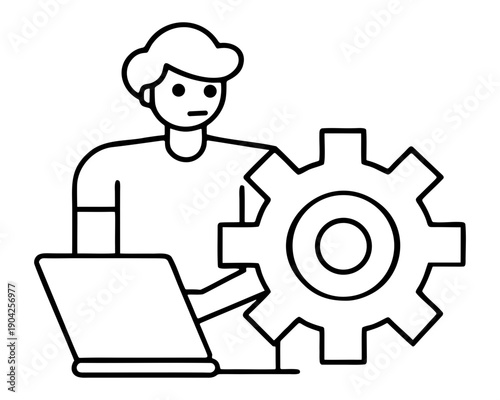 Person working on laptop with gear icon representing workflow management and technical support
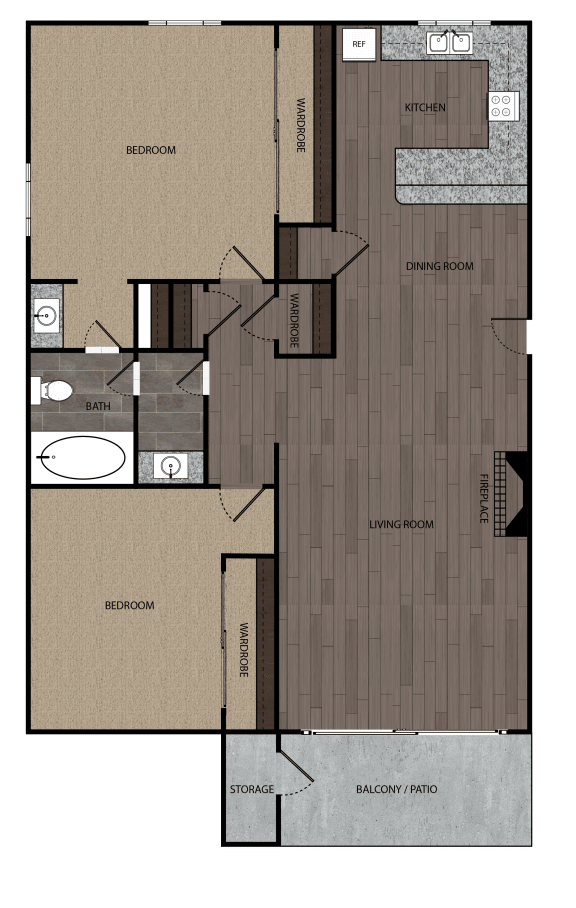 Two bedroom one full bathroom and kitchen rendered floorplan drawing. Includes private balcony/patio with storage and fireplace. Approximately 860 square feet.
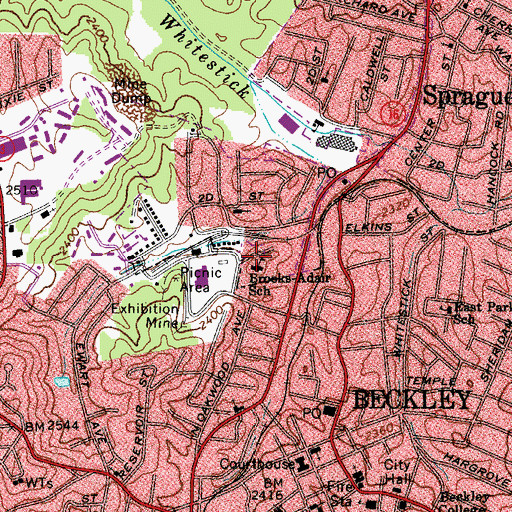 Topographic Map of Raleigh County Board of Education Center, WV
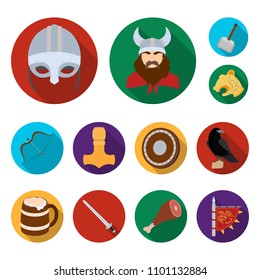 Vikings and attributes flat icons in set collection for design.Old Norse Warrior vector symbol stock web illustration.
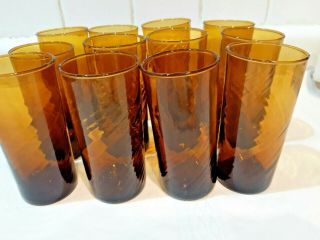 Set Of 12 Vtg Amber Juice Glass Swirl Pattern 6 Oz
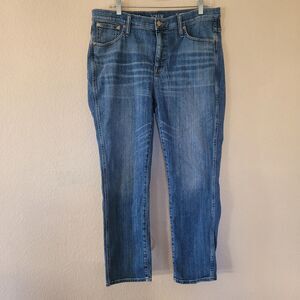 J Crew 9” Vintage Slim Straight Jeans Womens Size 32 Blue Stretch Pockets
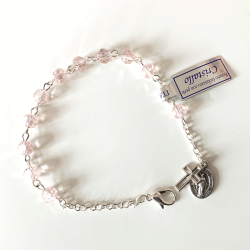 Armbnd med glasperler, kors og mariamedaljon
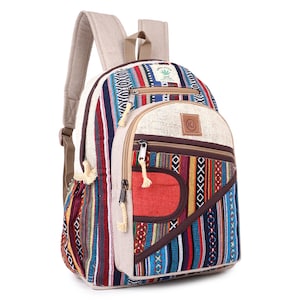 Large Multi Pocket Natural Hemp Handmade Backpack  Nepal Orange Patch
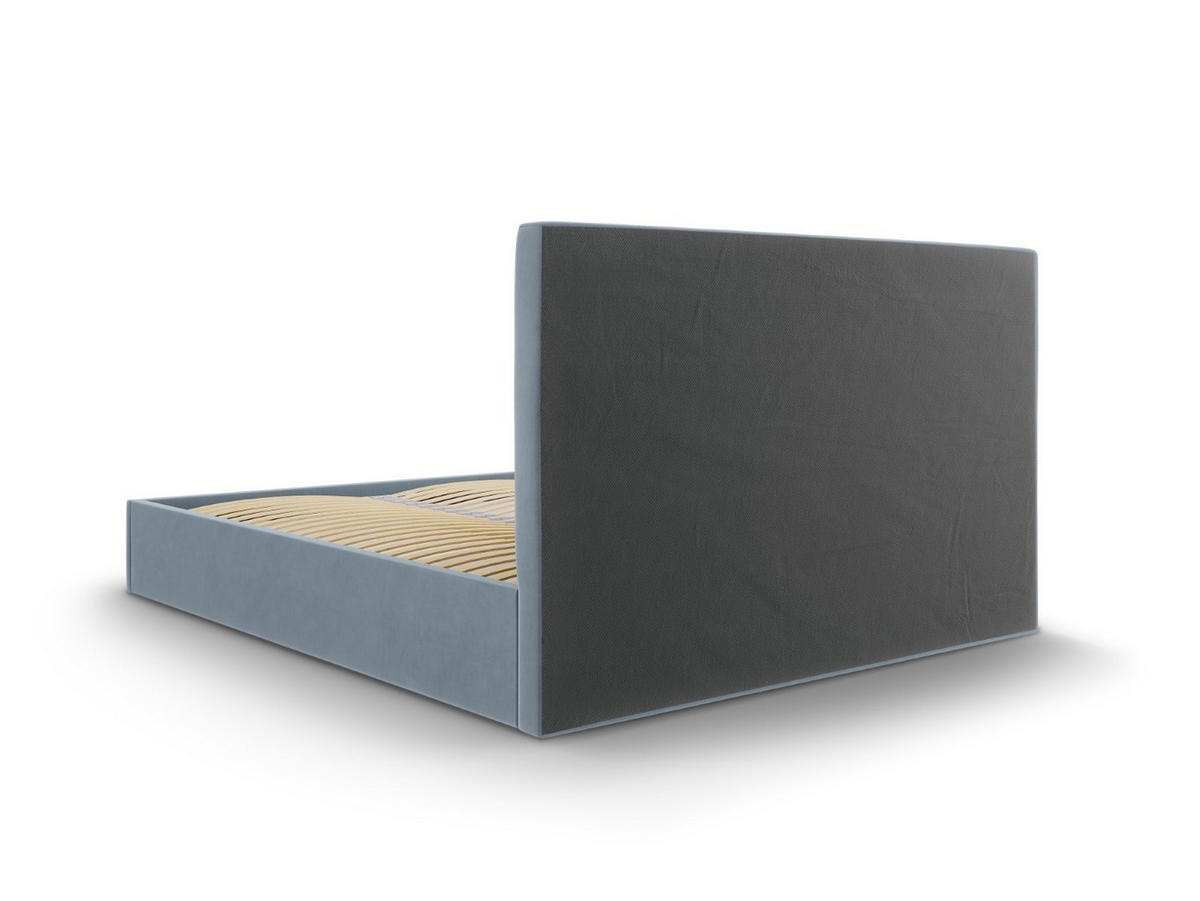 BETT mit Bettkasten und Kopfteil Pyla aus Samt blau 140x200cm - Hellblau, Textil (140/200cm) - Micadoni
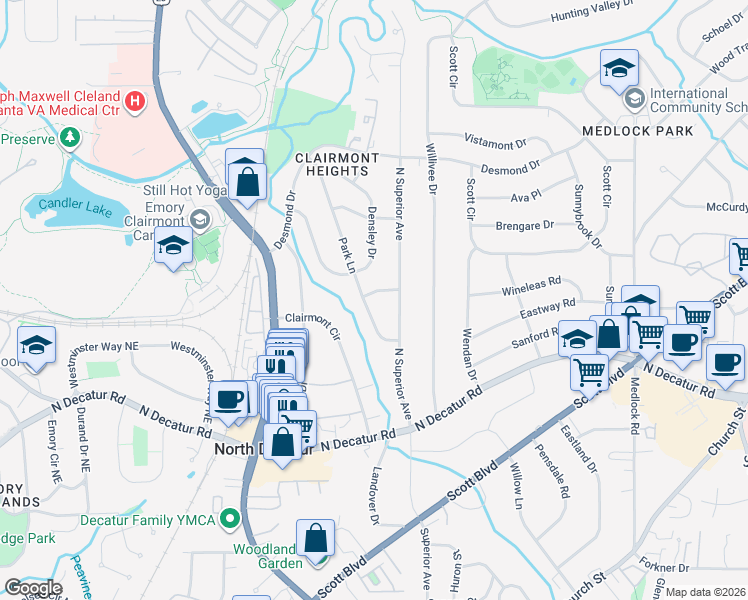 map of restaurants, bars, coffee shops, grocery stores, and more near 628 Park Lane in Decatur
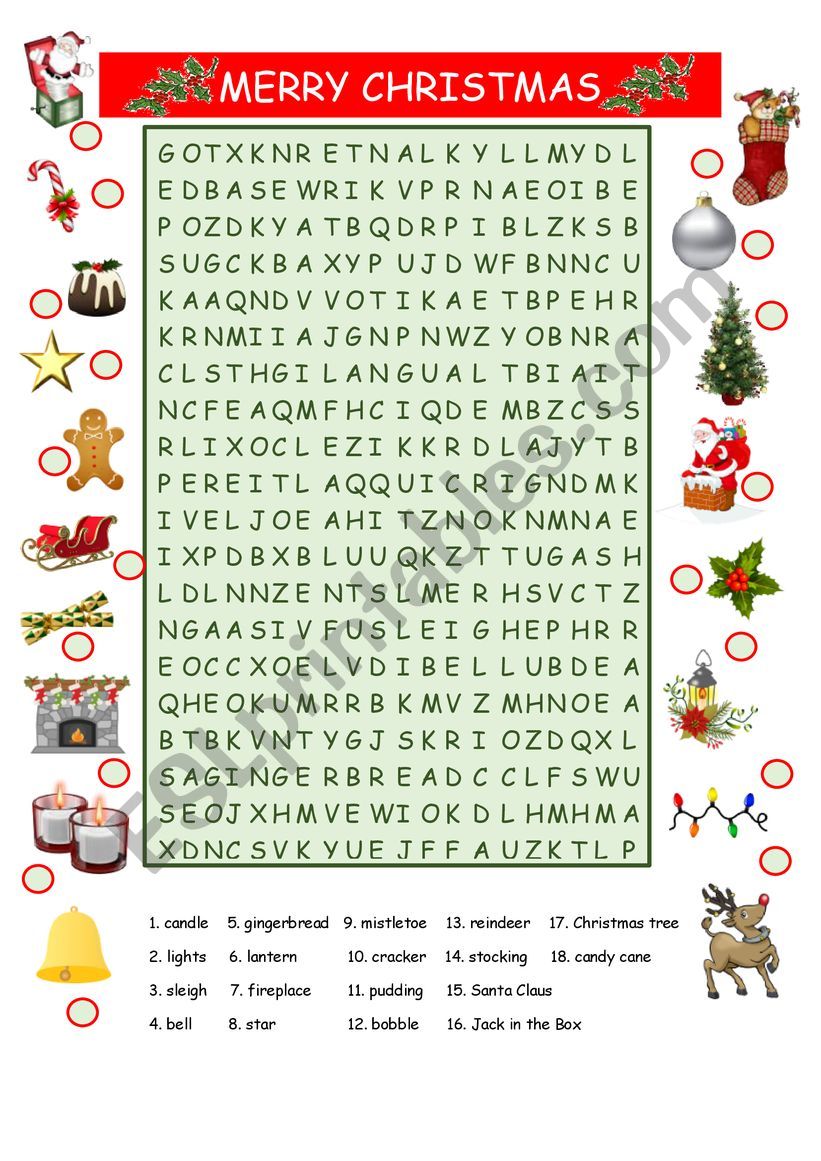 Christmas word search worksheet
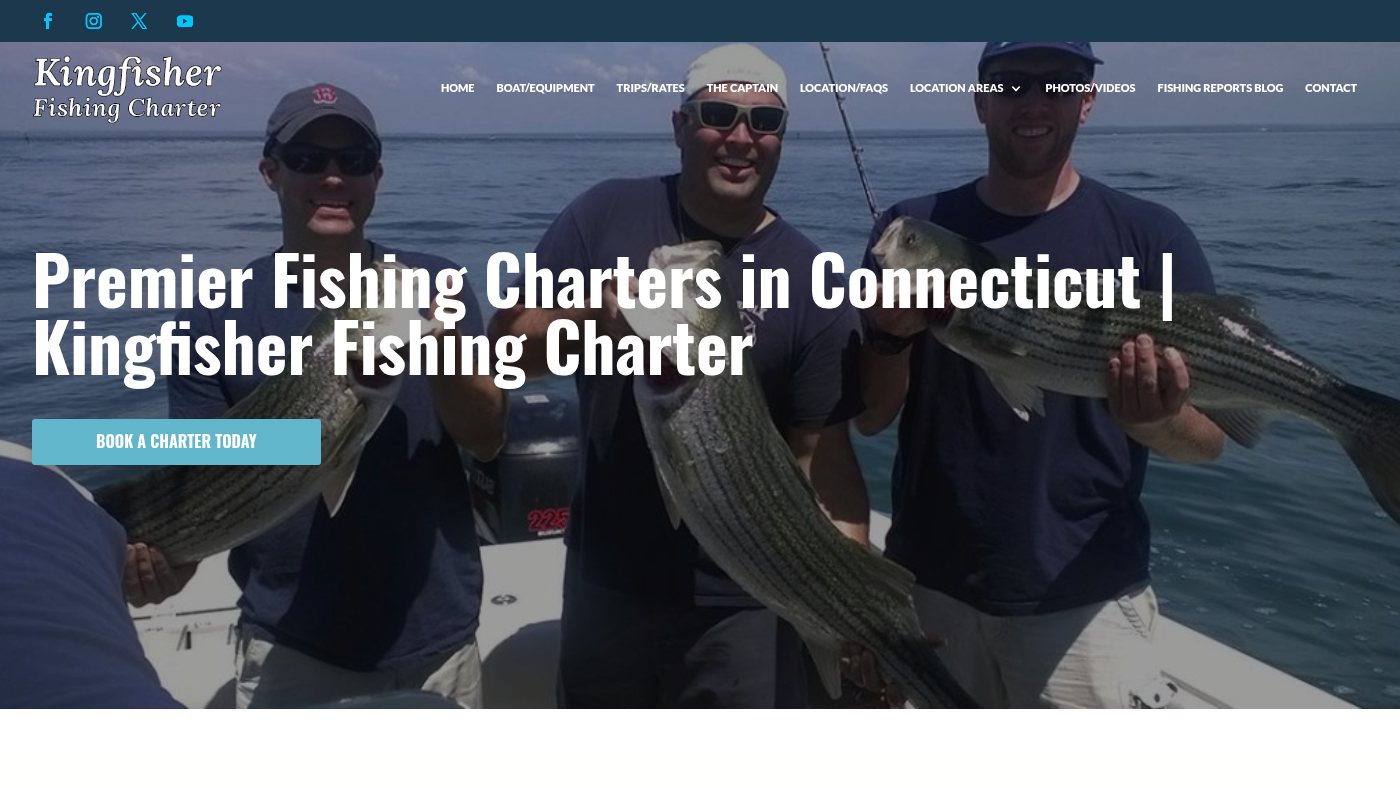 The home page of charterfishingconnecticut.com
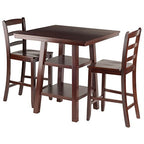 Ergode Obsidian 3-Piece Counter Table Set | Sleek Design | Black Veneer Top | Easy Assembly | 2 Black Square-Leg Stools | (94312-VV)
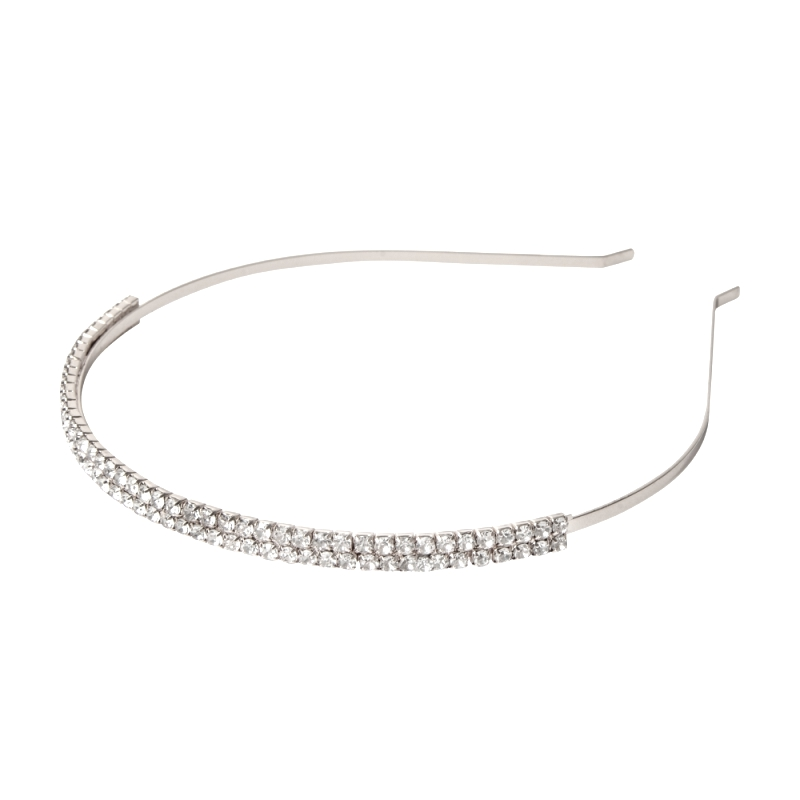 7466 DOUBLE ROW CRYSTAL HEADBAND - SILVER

* WHAT IS REQUIRED
Everything in the records except the pictures is to be repeated exactly.

* RESPONSE AREA
 Person working on laptop with gear icon representing workflow management and technical support
 Two bedroom one full bathroom and kitchen rendered floorplan drawing. Includes private balcony/patio with storage and fireplace. Approximately 860 square feet.
 Topographic Map of Raleigh County Board of Education Center, WV
 Vikings and attributes flat icons in set collection for design.Old Norse Warrior vector symbol stock web illustration.
 Set Of 12 Vtg Amber Juice Glass Swirl Pattern 6 Oz
 J Crew 9” Vintage Slim Straight Jeans Womens Size 32 Blue Stretch Pockets
 Armbnd med glasperler, kors og mariamedaljon
 Large Multi Pocket Natural Hemp Handmade Backpack  Nepal Orange Patch
 BETT mit Bettkasten und Kopfteil Pyla aus Samt blau 140x200cm - Hellblau, Textil (140/200cm) - Micadoni
 map of restaurants, bars, coffee shops, grocery stores, and more near 628 Park Lane in Decatur
 Christmas word search worksheet
 The home page of charterfishingconnecticut.com
 Ergode Obsidian 3-Piece Counter Table Set | Sleek Design | Black Veneer Top | Easy Assembly | 2 Black Square-Leg Stools | (94312-VV)
 7466 DOUBLE ROW CRYSTAL HEADBAND - SILVER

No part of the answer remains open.